*Work to be completed*
Would you retype the listing word for word, skipping its pictures?

*Collected data*
——————
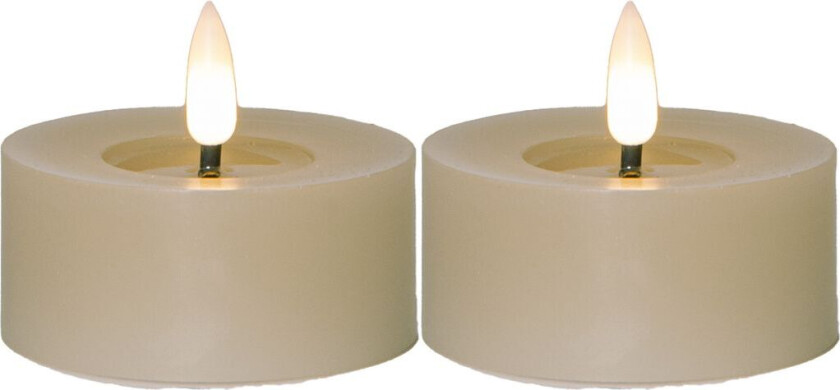 Flamme Flow LED-telys 2-pakning 7 cm - beige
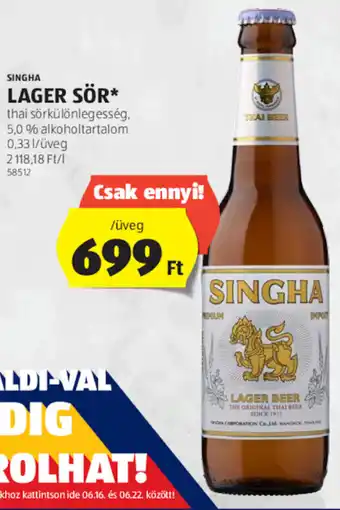 ALDI SINGHA LAGER SÖR 0,33 l ajánlat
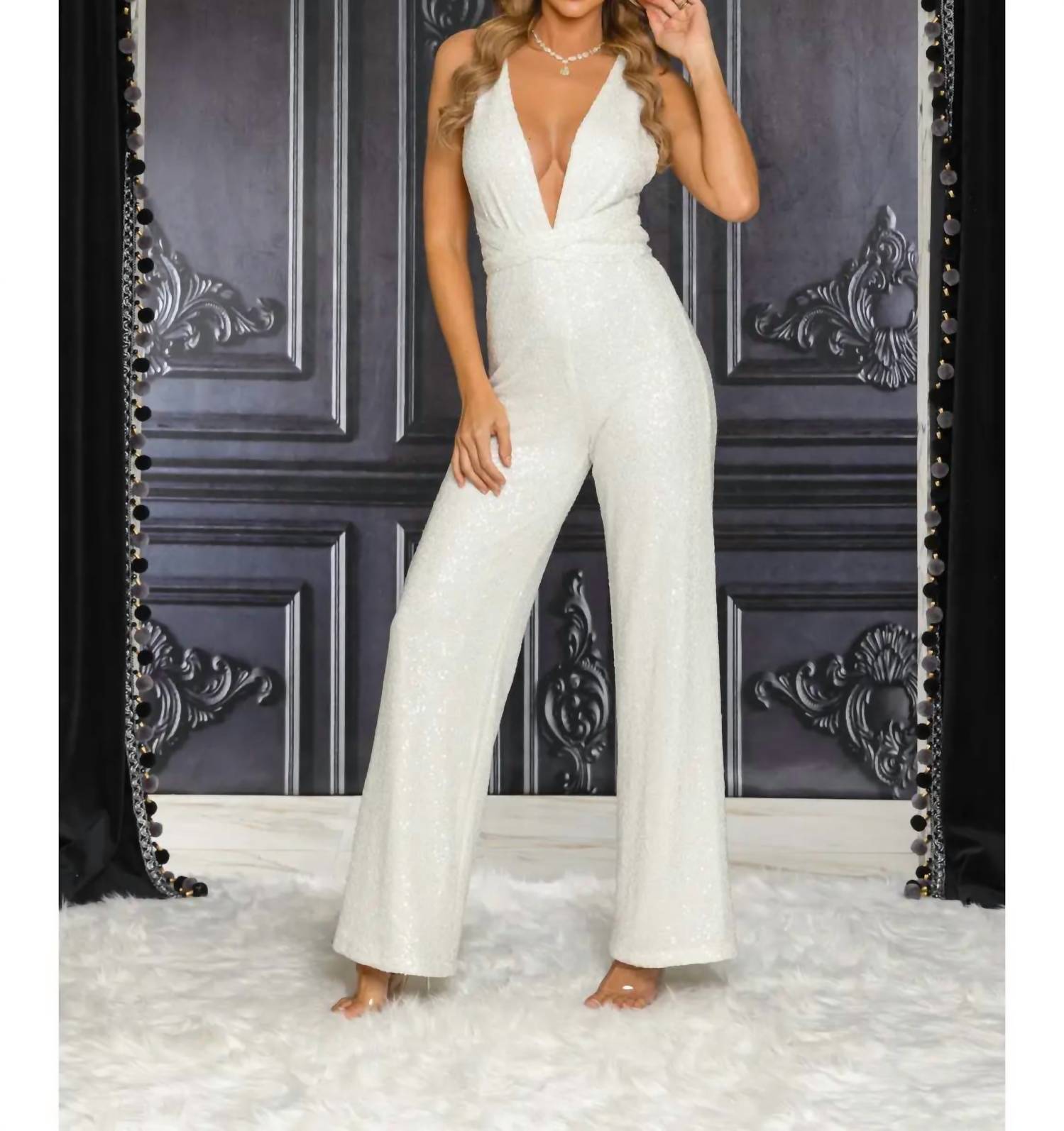 Ricarica - Sequin Multi Way Top Wide Leg Jumpsuit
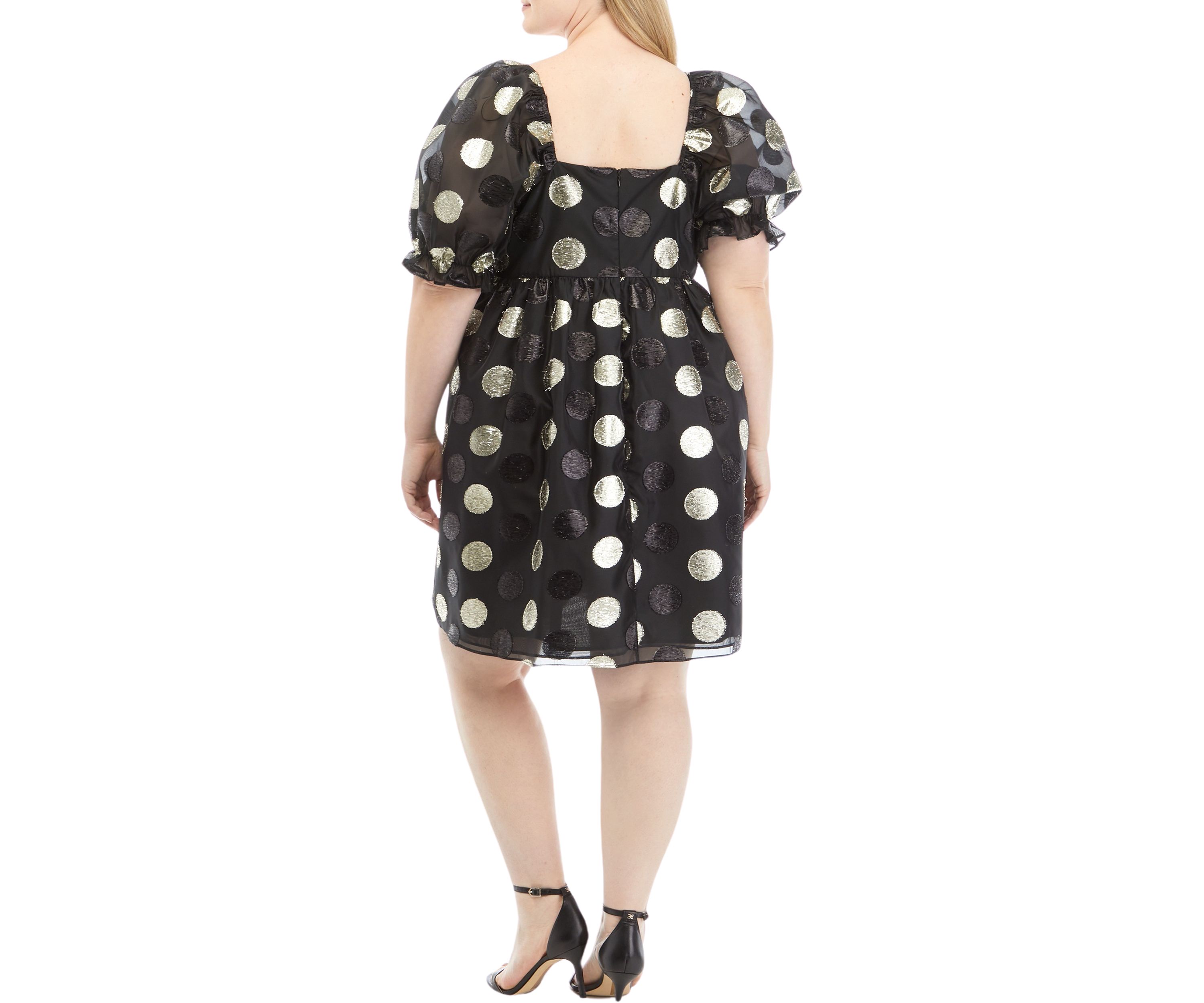 Plus Size Puff Sleeve  Polka Dot Dress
——————
*Exercise solution*
 Flamme Flow LED-telys 2-pakning 7 cm - beige
 ALDI SINGHA LAGER SÖR 0,33 l ajánlat
 Ricarica - Sequin Multi Way Top Wide Leg Jumpsuit
 Plus Size Puff Sleeve  Polka Dot Dress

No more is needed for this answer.